UM SUSPEITO FORAGIDO A Polícia prendeu dois suspeitos de terem provocado o incêndio: o funcionário público Carlos Roberto Valdenebre da Silva, empregado da Companhia de Desenvolvimento de Marília-Codemar, e Amaury Campoy, que foi preso antes e o denunciou. O Delegado Roberto Terraz, que investigava a relação entre a Codemar e o atentado, informou que Valdenebre da Silva, que tem antecedentes criminais, negou todas as acusações. Para o delegado, uma pessoa com a ficha de Valdenebre jamais poderia trabalhar num órgão público.
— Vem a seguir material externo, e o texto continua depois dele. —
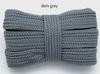 2CM Width Fat Shoe Laces - Cotton Rope Flat Thick Wide Shoelaces for Sneakers - Unisex 100/120/140/160CM Shoes Accessories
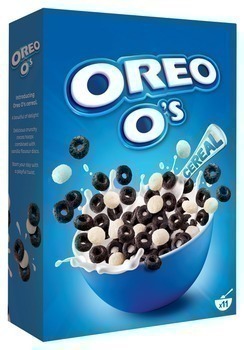 350G WEETABIX OREO O'S - Epicerie Sucre - Promocash Lille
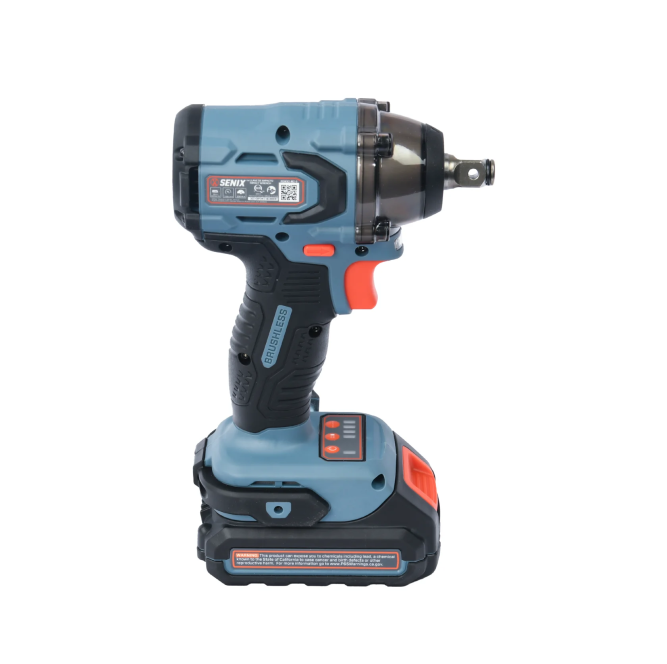 Ударный аккумуляторный гайковерт SENIX PDWX2-M2-EU-0 без акк и ЗУ в Екатеринбурге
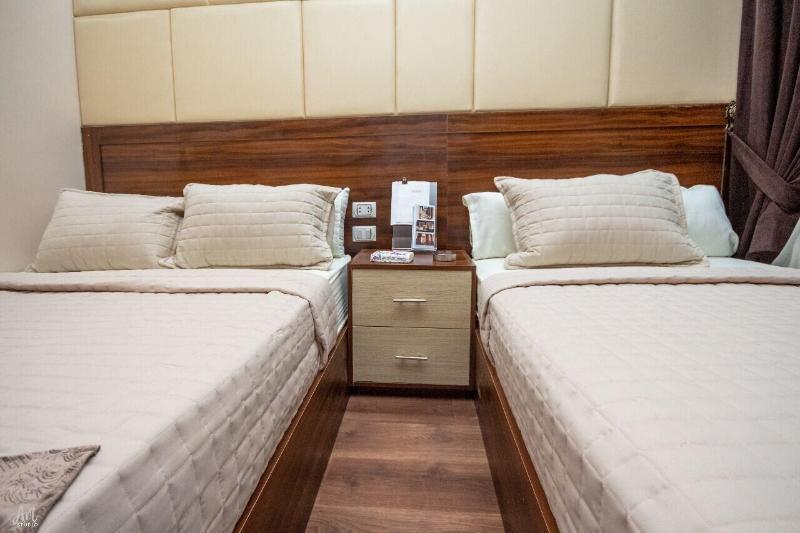 Grand City Hotel Kairó Kültér fotó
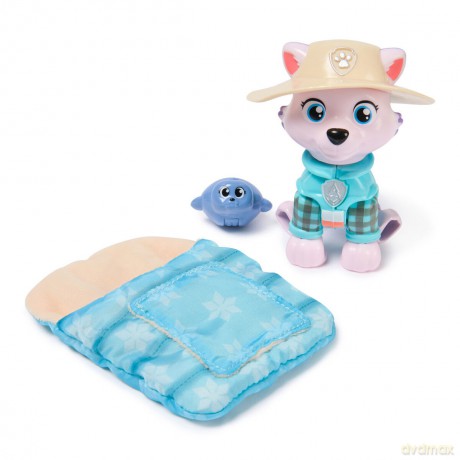 Paw Patrol - Skye's Camping Figure - Everest [FIGURKA]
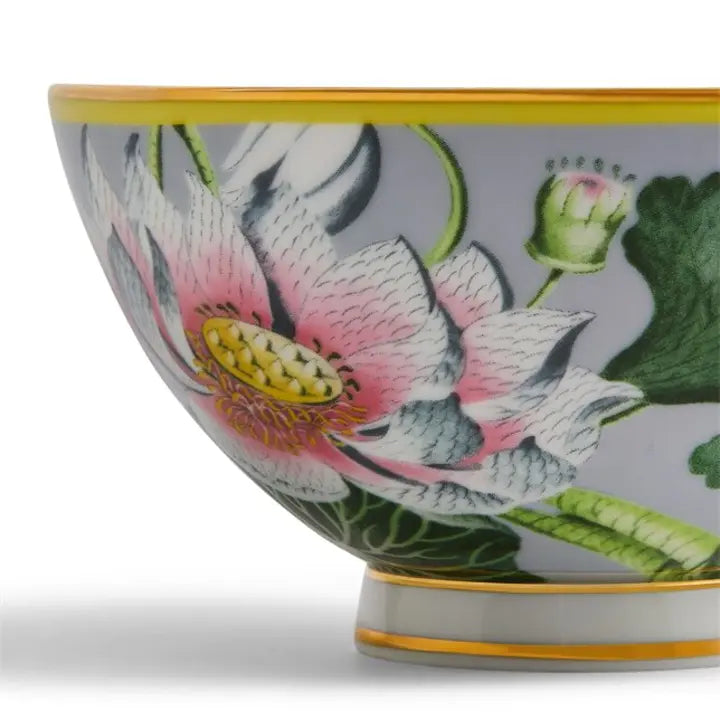 WONDERLUST WATERLILY GIFT BOWL
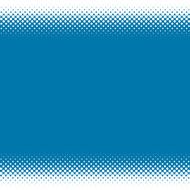 Seamless background with halftone stripes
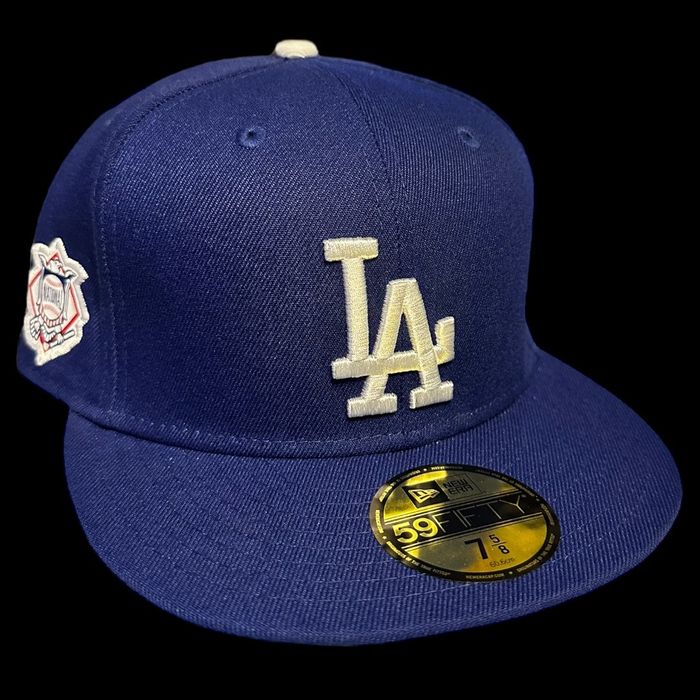 Undefeated Los Ángeles Dodgers New Era 59fifty 7 5/8 | Grailed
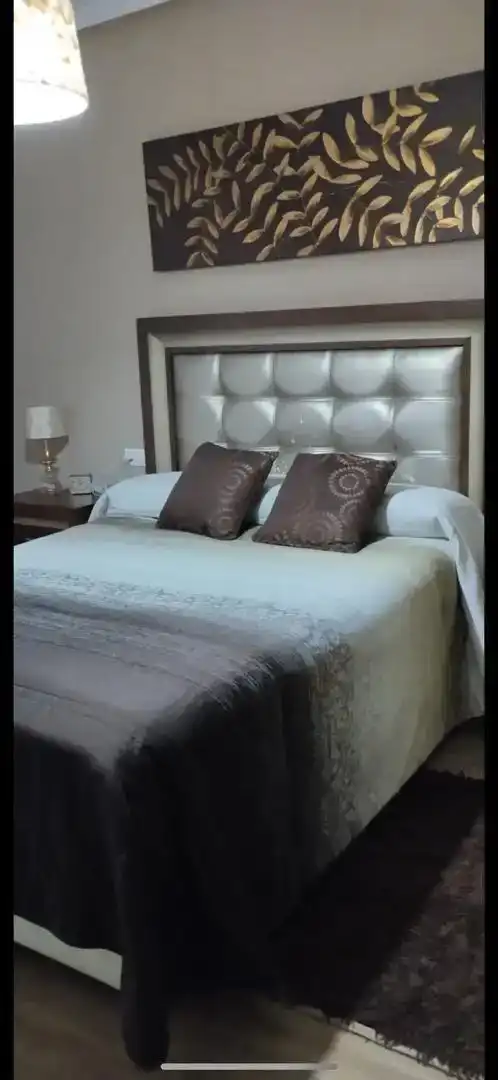 Schlafzimmer von Erdgeschoss zum Verkauf in Cilleros mit Abstellraum und Balkon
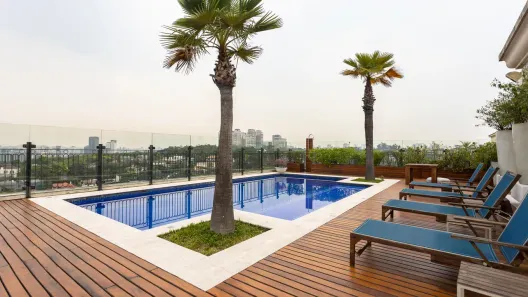 Cobertura com 4 Quartos à venda, 1170m² no Jardim Guedala, São Paulo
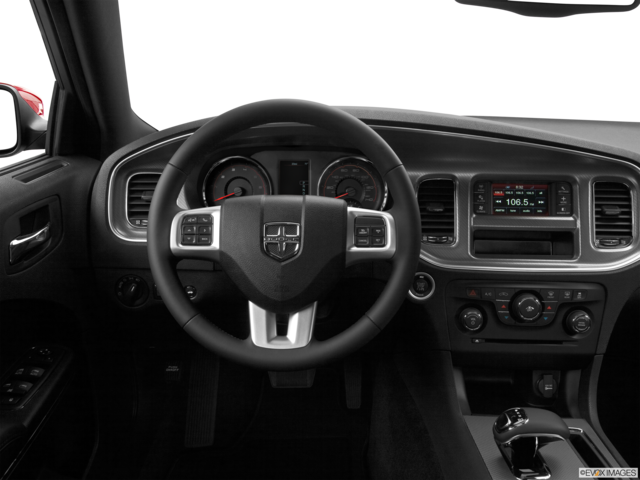2013 dodge charger dashboard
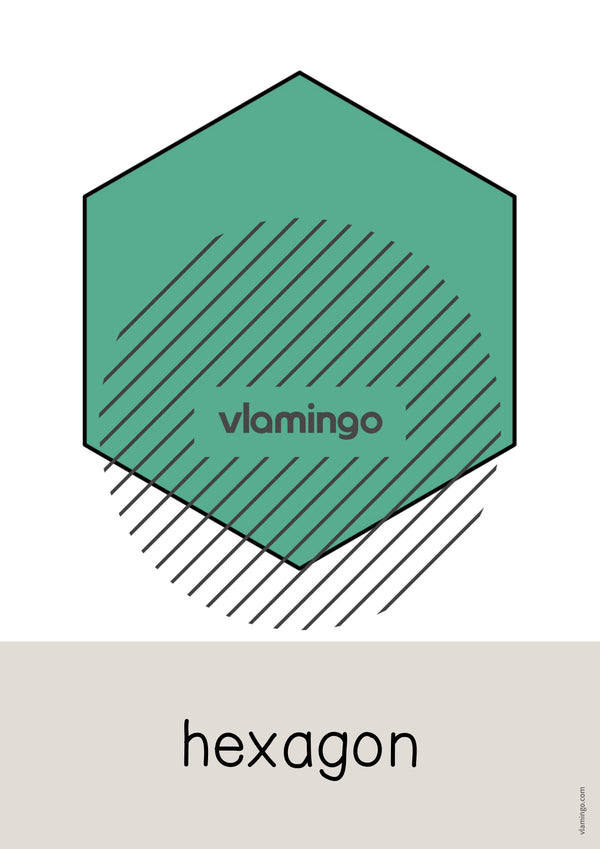 de englisch 2d shapes word and picture cards 013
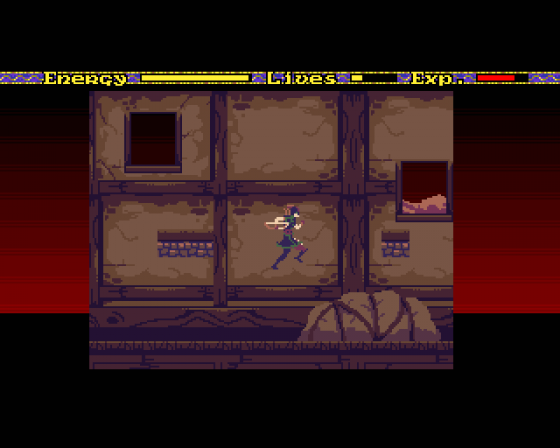 Heroes of Gorluth Screenshot 19 (Amiga 500)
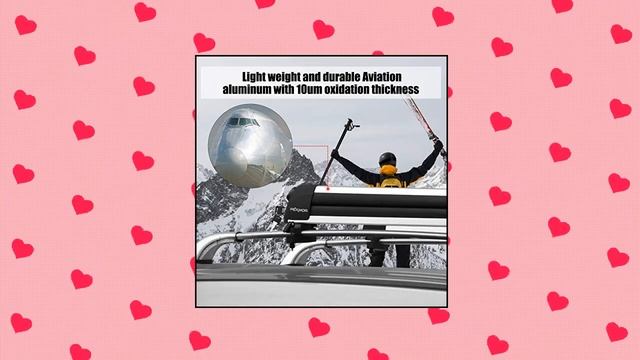 Top 10 Ski and Snowboard Car Racks You Can Buy On Amazon Nov 2021 смотреть онлайн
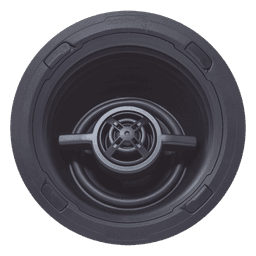 Altavoz LCR para Techo / 3 Vías / Woofer 7in / Tweeter 1in Pivotante / 150W / 8Ω / Instalación Sin Herramientas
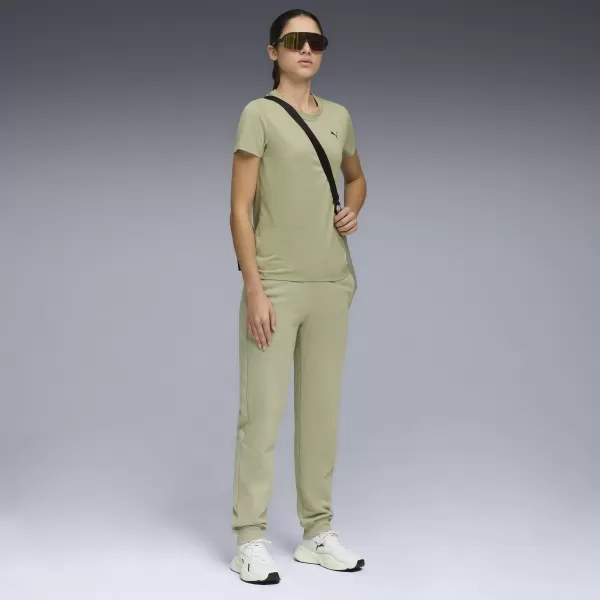  Dámske tričko PUMA W TAD ESSENTIAL CREW TEE 527177-82 LUX ARMÁDA 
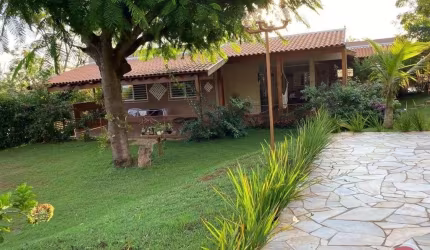 Chácara no Recanto Fazenda da Nata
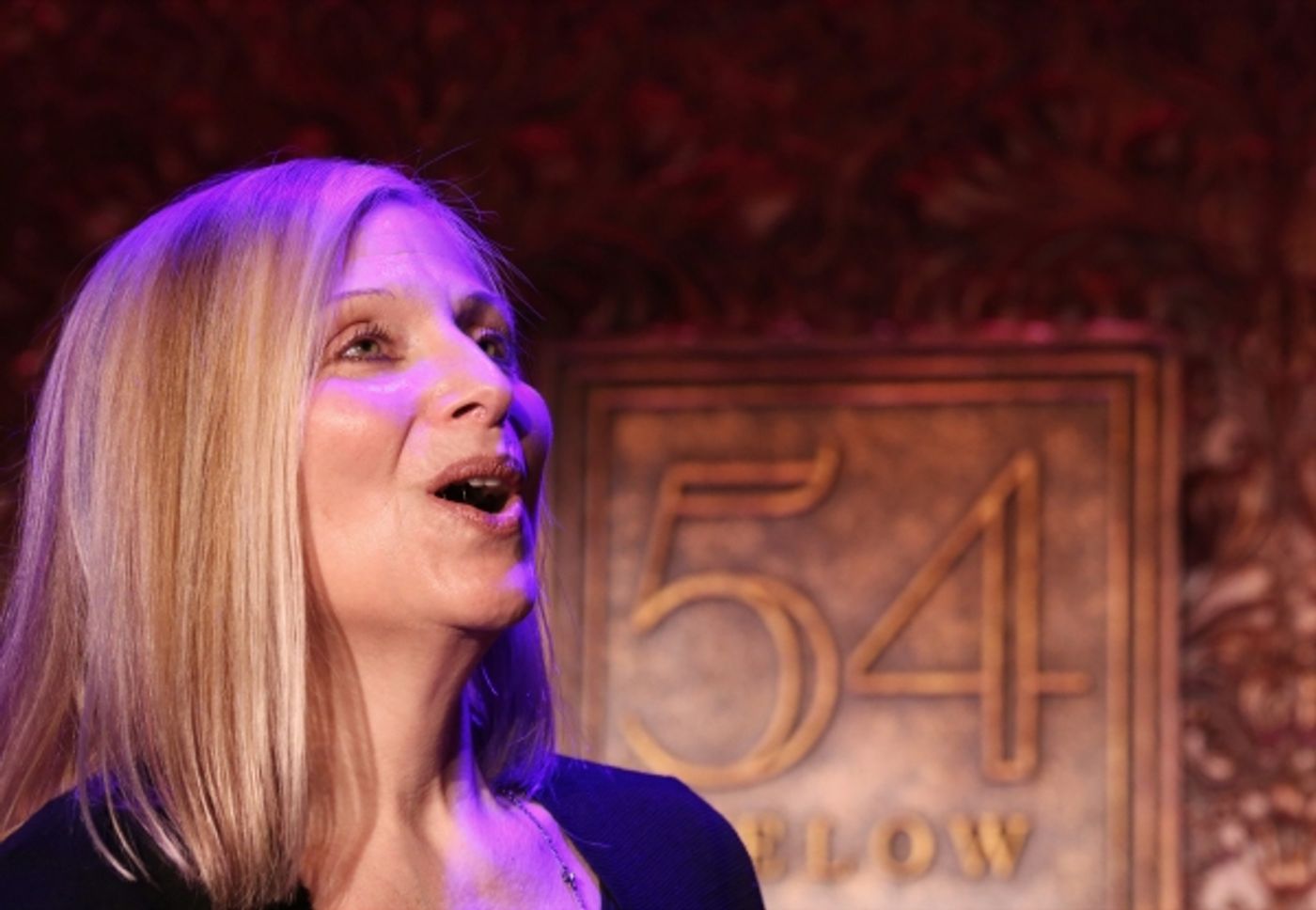 Photo Coverage: Roslyn Kind Previews IT'S BEEN A WHILE at 54 Below  Image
Matéria divulgada no site do jornal Diário de Marília apontou Bruno Gaudêncio Coércio, de 22 anos, como a pessoa que contratou os responsáveis pelo atentado contra o jornal e as rádios Diário FM e Dirceu AM. De acordo com a reportagem, Bruno, que estava foragido, é ex-assessor parlamentar do Deputado estadual Vinícius Camarinha e filho do comerciante Carlos Coércio, o Guru, que foi sócio de Vinícius e, quando o pai deste, Abelardo Camarinha, era Prefeito, ocupou a vice-presidência do órgão municipal Emdurb. Segundo o Diário, o envolvimento de Bruno Gau-
dêncio “aproxima ainda mais a investigação do ex-prefeito Abelardo Camarinha, apontado como principal suspeito de ser o mandante do crime”. A Procuradoria-Geral de Justiça em Marília designou o Promotor José Bento Campos Guimarães para acompanhar o caso do atentado contra o jor-
nal e as rádios. O Promotor — que também teve um encontro com o Delegado Seccional Roberto Terraz, responsável pelas investigações — recebeu da direção das empresas um dossiê com informações sobre o crime, relatório dos danos e as informações obtidas pela sua equipe de reportagem.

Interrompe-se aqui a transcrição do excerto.